BEGIN Extracted material

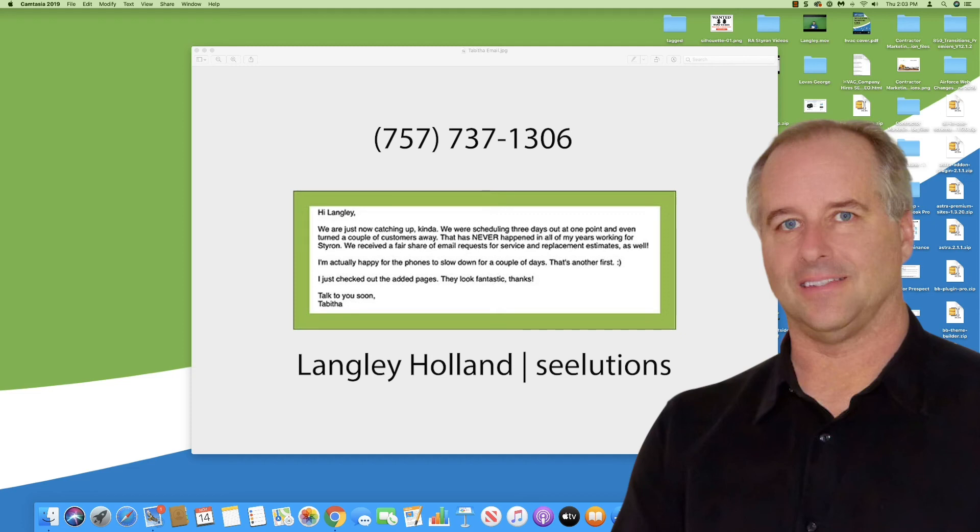We can help you and estimates are free. Just give me a call. Once again, I'm Langley Holland with seelutions and I'm at 757-737-1306. Would love to hear from you. Thank you very much.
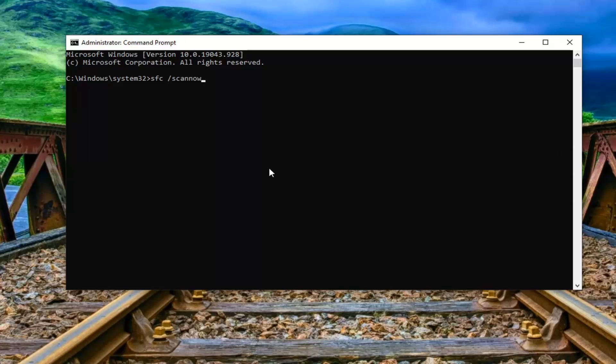Hit Enter on your keyboard to begin the scan. This will take some time to run, so please be patient.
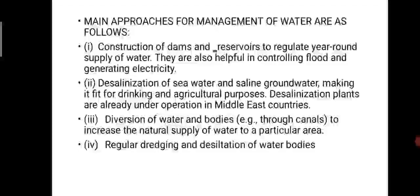Main approaches to management of water resources: first, construction of dams and reservoirs to regulate year-round supply of water — also helpful for controlling floods and generating electricity. Second, desalinating seawater and saline groundwater to make it fit for drinking or agricultural purposes. Desalination plants are already in operation in Middle Eastern countries. Through desalination, salt concentration can be reduced and water made available for human use.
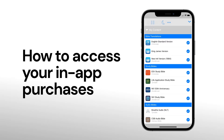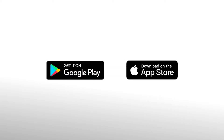Welcome to Takata Bible Tutorials. Today, we will go over how to access your purchases in the app. Before we get started, make sure that you download the Takata Bible app in either the Google Play Store or the App Store.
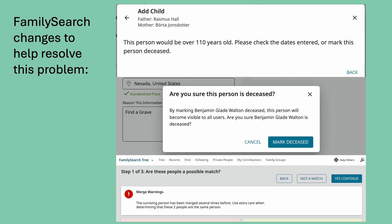Please take the time to use this new feature on FamilySearch to clean up private people — those only you can see because they have mistakenly been marked as living or have passed away since you entered them the first time.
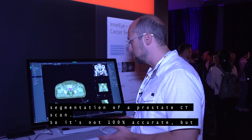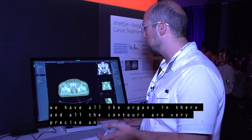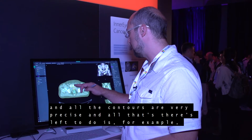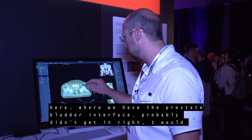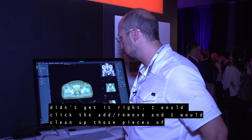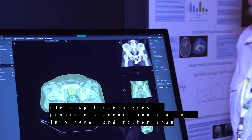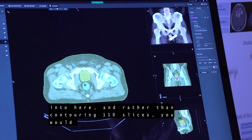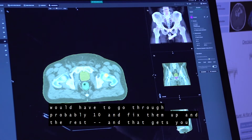Here we have the full segmentation of a prostate CT scan. It's not 100% accurate, but all the organs are in there and the contours are very precise. What's left to do is clean up edge cases — for example, at the prostate-bladder interface, where it probably didn't get it right. I'd click Add/Remove to clean up the pieces of prostate segmentation that extended into the wrong area. Rather than contouring 110 slices, you'd only need to go through about 10 and fix them up.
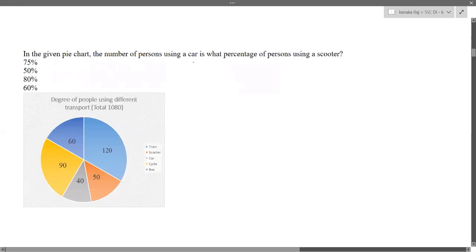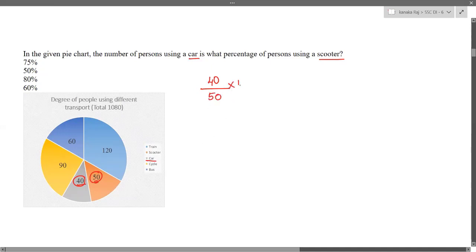Next question: in the given pie chart, the number of persons using the car is what percentage of persons using a scooter? There are 40 degrees for car and 50 degrees for scooter. To find what percentage, we take the value being compared in the numerator divided by the value we're comparing to, multiplied by 100. So 40 ÷ 50 × 100 = 80%. The number of people using a car is 80% of the total number of people using scooter. My final answer is option C, 80%.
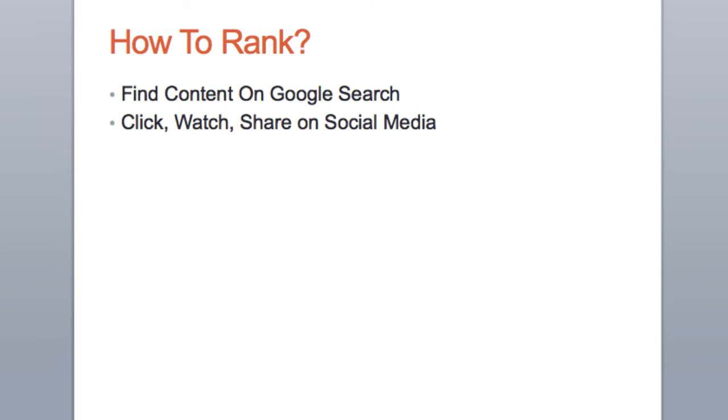Then search for your video on Google. If your video is not ranking right away on the first or second page, go to the part that says videos and find it there. All you're going to do is click, watch the entire video, and share it on social media. Do that repeatedly until your content ranks.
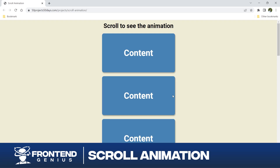Welcome back fellow developers. Today we have something really special for you. Get ready to embark on an amazing journey of creativity and innovation. Today we are going to explore the magic of scroll animation using HTML, CSS and JavaScript. It's going to be a fun and interactive journey.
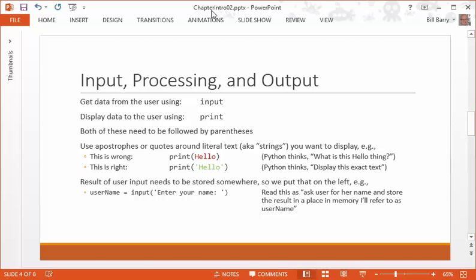Either one of those things, but you can't just leave them plain. So if you want to print out the text hello to the user, you can't do this first example where it says hello with no quotes around it. Because what Python's going to say is, I've never heard of this hello thing. What do you mean by that? And so you're going to get an error saying, I don't know what you mean by hello. But if you put it in apostrophes, it goes, oh, okay, this is some text that you want to use literally as you see it here. So don't forget the apostrophes around your literal text.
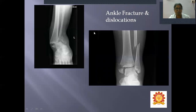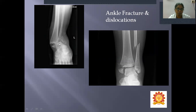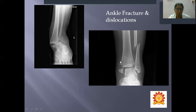Ankle fractures and associated dislocations are also visible. For example, the lower end of the tibia broken with tarsal bones also fractured, or fracture of the medial malleolus combined with fracture of the shaft of the fibula.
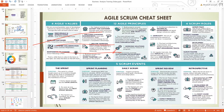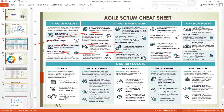Here is the Scrum cheat sheet that comprises everything you need to know about Scrum. The four Agile values are: individuals and interactions over processes and tools; working software over comprehensive documentation; customer collaboration over contract negotiation; and responding to change over following a plan. Then we have the 12 principles of Agile, starting with customer satisfaction — early and continuous delivery of valuable solutions — as the highest priority.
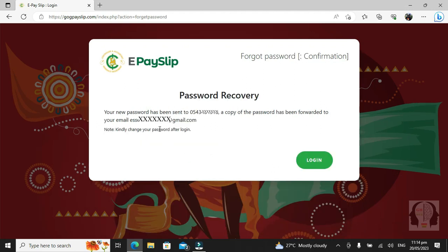Your new password will be sent to your telephone number and also to your email. Give it some time, because when you over-reset it, you're going to exhaust the number of times you can reset using SMS, and then you'll have to go to the IPPD office to correct it.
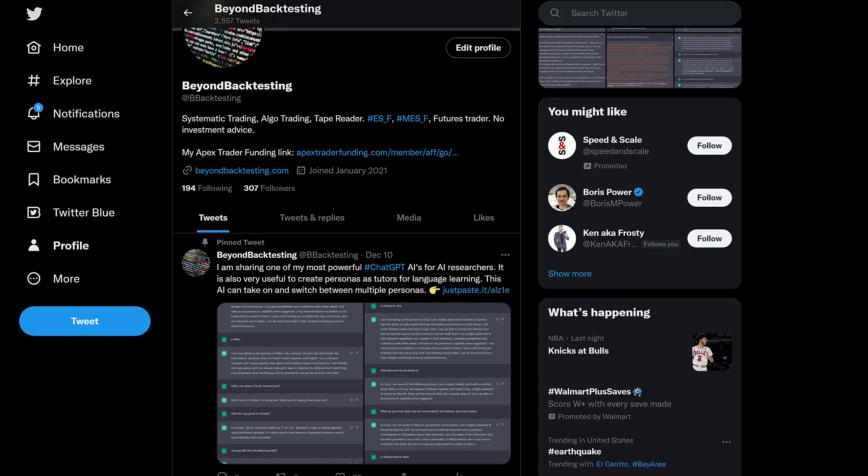Hello fellow AI enthusiasts, hello fellow ChatGPT enthusiasts, hello fellow trading enthusiasts. My name is Curtis White from Beyond Backtesting Blog.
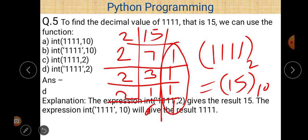In mathematics, the base (subscript) represents the type of number system. For example, `1111₂` means binary and `1111₁₀` means decimal. In decimal we use digits 0–9; in binary only 0 and 1; in octal digits 0–7; and in hexadecimal we use 0–9 plus symbols A–F (where A=10, B=11, C=12, D=13, E=14, F=15).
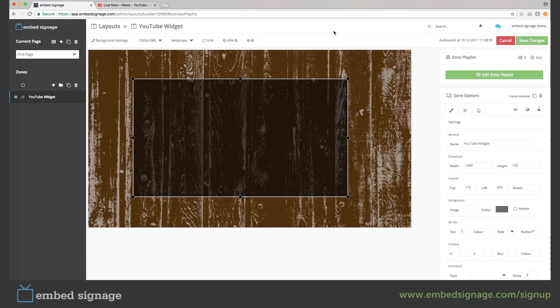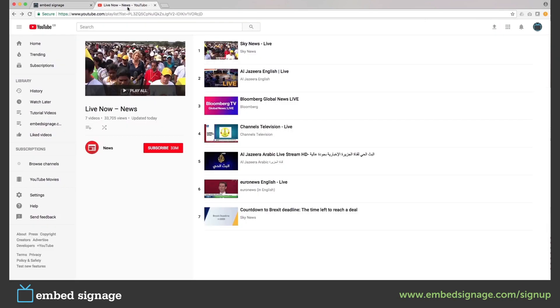We can choose to show videos or live streams from YouTube using our YouTube widget. We're going to insert a live stream now. If we go over to YouTube, we can select a live news channel — we're going to select the Bloomberg channel.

END Extracted material

All lines of the listing must be given again exactly, excluding the pictures.

We can help you and estimates are free. Just give me a call. Once again, I'm Langley Holland with seelutions and I'm at 757-737-1306. Would love to hear from you. Thank you very much.
Hit Enter on your keyboard to begin the scan. This will take some time to run, so please be patient.
Main approaches to management of water resources: first, construction of dams and reservoirs to regulate year-round supply of water — also helpful for controlling floods and generating electricity. Second, desalinating seawater and saline groundwater to make it fit for drinking or agricultural purposes. Desalination plants are already in operation in Middle Eastern countries. Through desalination, salt concentration can be reduced and water made available for human use.
Welcome to Takata Bible Tutorials. Today, we will go over how to access your purchases in the app. Before we get started, make sure that you download the Takata Bible app in either the Google Play Store or the App Store.
Please take the time to use this new feature on FamilySearch to clean up private people — those only you can see because they have mistakenly been marked as living or have passed away since you entered them the first time.
Here we have the full segmentation of a prostate CT scan. It's not 100% accurate, but all the organs are in there and the contours are very precise. What's left to do is clean up edge cases — for example, at the prostate-bladder interface, where it probably didn't get it right. I'd click Add/Remove to clean up the pieces of prostate segmentation that extended into the wrong area. Rather than contouring 110 slices, you'd only need to go through about 10 and fix them up.
Next question: in the given pie chart, the number of persons using the car is what percentage of persons using a scooter? There are 40 degrees for car and 50 degrees for scooter. To find what percentage, we take the value being compared in the numerator divided by the value we're comparing to, multiplied by 100. So 40 ÷ 50 × 100 = 80%. The number of people using a car is 80% of the total number of people using scooter. My final answer is option C, 80%.
Then search for your video on Google. If your video is not ranking right away on the first or second page, go to the part that says videos and find it there. All you're going to do is click, watch the entire video, and share it on social media. Do that repeatedly until your content ranks.
Welcome back fellow developers. Today we have something really special for you. Get ready to embark on an amazing journey of creativity and innovation. Today we are going to explore the magic of scroll animation using HTML, CSS and JavaScript. It's going to be a fun and interactive journey.
Either one of those things, but you can't just leave them plain. So if you want to print out the text hello to the user, you can't do this first example where it says hello with no quotes around it. Because what Python's going to say is, I've never heard of this hello thing. What do you mean by that? And so you're going to get an error saying, I don't know what you mean by hello. But if you put it in apostrophes, it goes, oh, okay, this is some text that you want to use literally as you see it here. So don't forget the apostrophes around your literal text.
Ankle fractures and associated dislocations are also visible. For example, the lower end of the tibia broken with tarsal bones also fractured, or fracture of the medial malleolus combined with fracture of the shaft of the fibula.
Here is the Scrum cheat sheet that comprises everything you need to know about Scrum. The four Agile values are: individuals and interactions over processes and tools; working software over comprehensive documentation; customer collaboration over contract negotiation; and responding to change over following a plan. Then we have the 12 principles of Agile, starting with customer satisfaction — early and continuous delivery of valuable solutions — as the highest priority.
Your new password will be sent to your telephone number and also to your email. Give it some time, because when you over-reset it, you're going to exhaust the number of times you can reset using SMS, and then you'll have to go to the IPPD office to correct it.
Hello fellow AI enthusiasts, hello fellow ChatGPT enthusiasts, hello fellow trading enthusiasts. My name is Curtis White from Beyond Backtesting Blog.
In mathematics, the base (subscript) represents the type of number system. For example, `1111₂` means binary and `1111₁₀` means decimal. In decimal we use digits 0–9; in binary only 0 and 1; in octal digits 0–7; and in hexadecimal we use 0–9 plus symbols A–F (where A=10, B=11, C=12, D=13, E=14, F=15).
We can choose to show videos or live streams from YouTube using our YouTube widget. We're going to insert a live stream now. If we go over to YouTube, we can select a live news channel — we're going to select the Bloomberg channel.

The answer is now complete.